## PROBLEM REQUIREMENTS
Leave out the pictures, and quote exactly the lines running from the one with "Wendy Etherington Sparking" through the last line of the entries below.

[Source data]
----
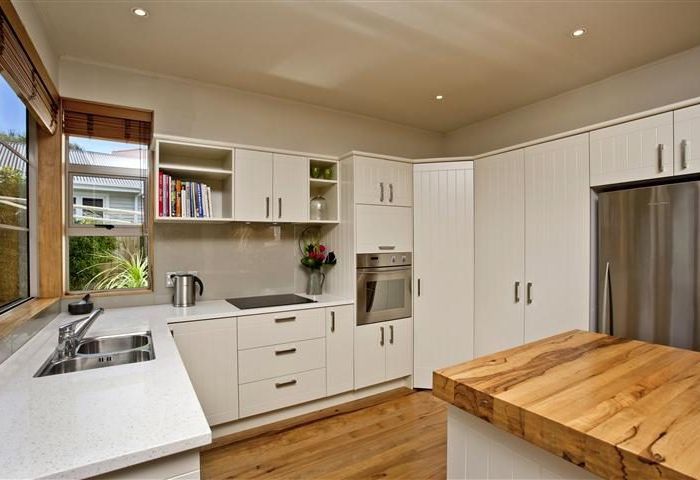  at 190B East Coast Road, Castor Bay, North Shore City, Auckland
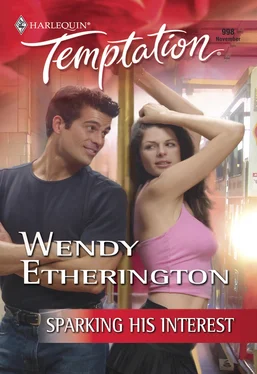 Wendy Etherington Sparking His Interest обложка книги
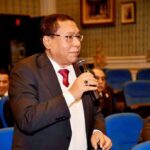 وكيل صحة المنوفية في جولة مفاجئة بقويسنا المركزي: إشادة بالعناية والحضانات وتكريم فريق العمليات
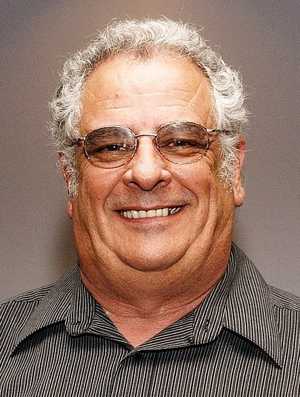 Disgraced Republican city councilman Gary Frago “Atwater City Councilman Gary Frago has been rung up in the local papers for sending racially tainted jokes concerning President Obama to fellow councilmembers […]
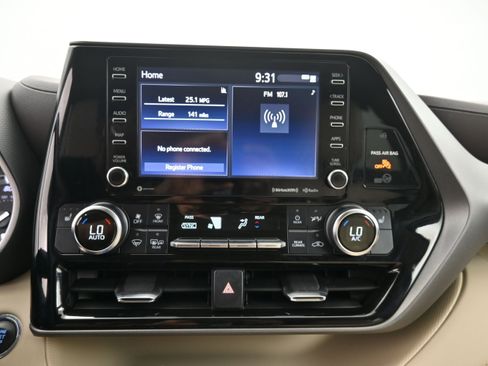 Used 2022 Toyota Highlander XLE AWD/4WD image 16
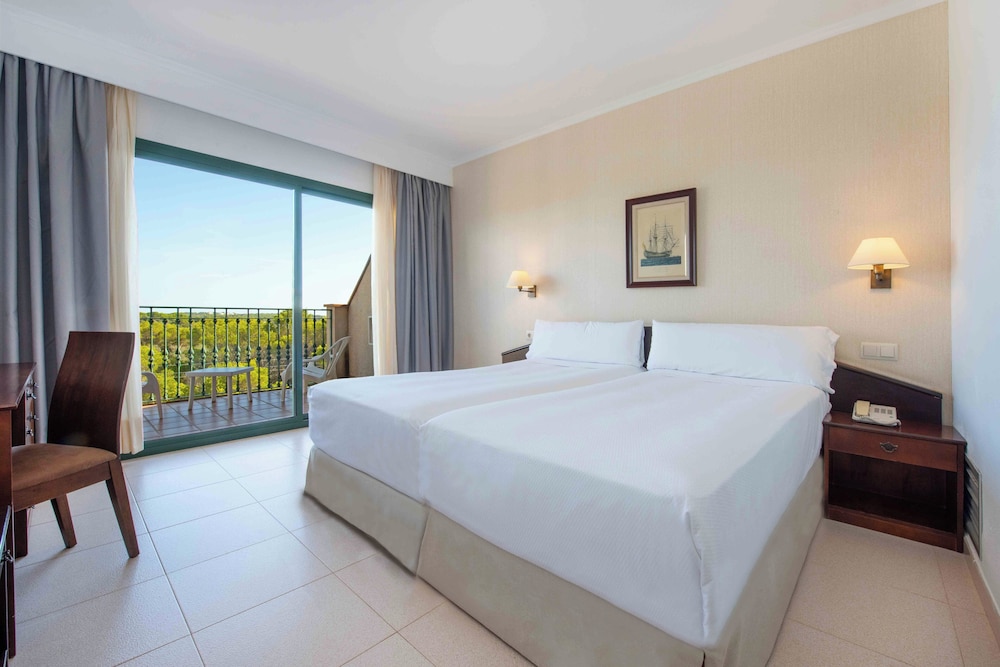 Habitación Doble, Balcón, Vista al Mar (2 Adultos + 1 Niño)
----
## SOLUTION FOR THIS EXERCISE
 Wendy Etherington Sparking His Interest обложка книги
 وكيل صحة المنوفية في جولة مفاجئة بقويسنا المركزي: إشادة بالعناية والحضانات وتكريم فريق العمليات
 Disgraced Republican city councilman Gary Frago “Atwater City Councilman Gary Frago has been rung up in the local papers for sending racially tainted jokes concerning President Obama to fellow councilmembers […]
 Used 2022 Toyota Highlander XLE AWD/4WD image 16
 Habitación Doble, Balcón, Vista al Mar (2 Adultos + 1 Niño)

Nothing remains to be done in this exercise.